OK, now I'm in the chair as my "healthy" caretaker tells me about the wonderful Chinese food she had
for lunch and how much she is looking forward to ribs for supper. ZIP! In goes the 20G and out the other
side (it's a long needle) but she missed the view. Then I got directions on the best way to make pork
chops and chicken and gravy. ZAP! In to the other arm with 20G but another dry hole. As the
worthless needle dangled in my arm she tells me how much she likes cherry pie and chocolate cake
and yells to her partner, Call the IV Swat Team.
Shortly a vampiress appears, having done this too many times this day, takes a two second look
and STAB!, 10 strips of tape, cotton gauge, irrigation, threaded water hose, capped end,
a designer Band-Aid on the top and it was in, as the lady(?) folds back her cape and disappears down
the hall to her next patient(?), victim(?), target(?).
The technician returns and asked if I was taken care of.

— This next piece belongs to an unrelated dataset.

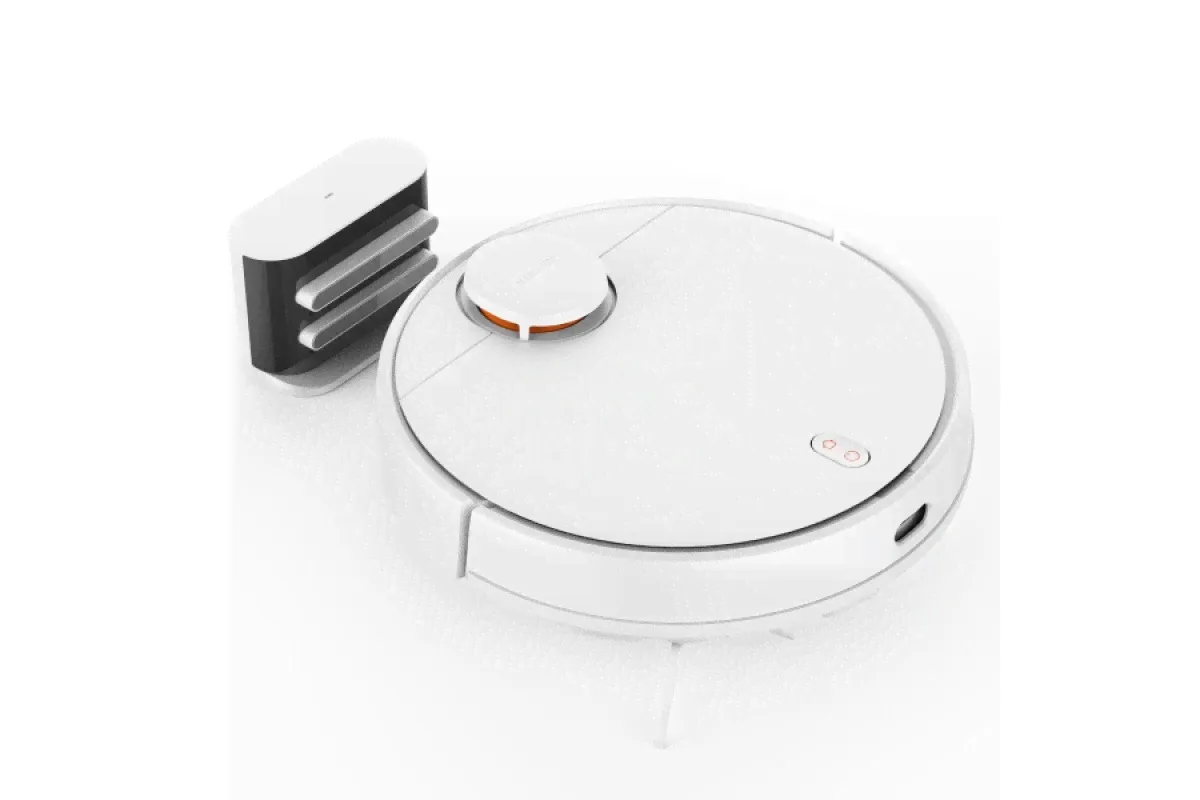 Робот-пылесос Xiaomi Mi Robot Vacuum S10 white-2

My reply, Sure. She just drove in until she hit the elbow. If you drill deep enough you always hit water.
Off I go to the electronic doughnut.
There I was strapped to a vibrating table, my arms over my head with an IV plugged in about to pump
me with dye. Out comes the partner technician and says, We almost forgot this. Would you sign this
release form in case we make a mistake?
Now, what would you have done?
The procedure is over, the room is still, the machine hums, and I wait, and wait, and wait a little longer.

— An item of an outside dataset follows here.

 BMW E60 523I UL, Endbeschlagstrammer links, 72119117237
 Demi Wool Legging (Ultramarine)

My healthy technician comes in and says, Sorry bout makin you wait. Had to go to the bathroom.
Honey, get off that table and go home and have some grits. They ain't nothin wrong wig your.
Them fools just screwed up da last read!
To my great joy, I was allowed to get my pants before leaving.
So, all's well that ends well. Looks like all is OK. The spot was just that, a spot.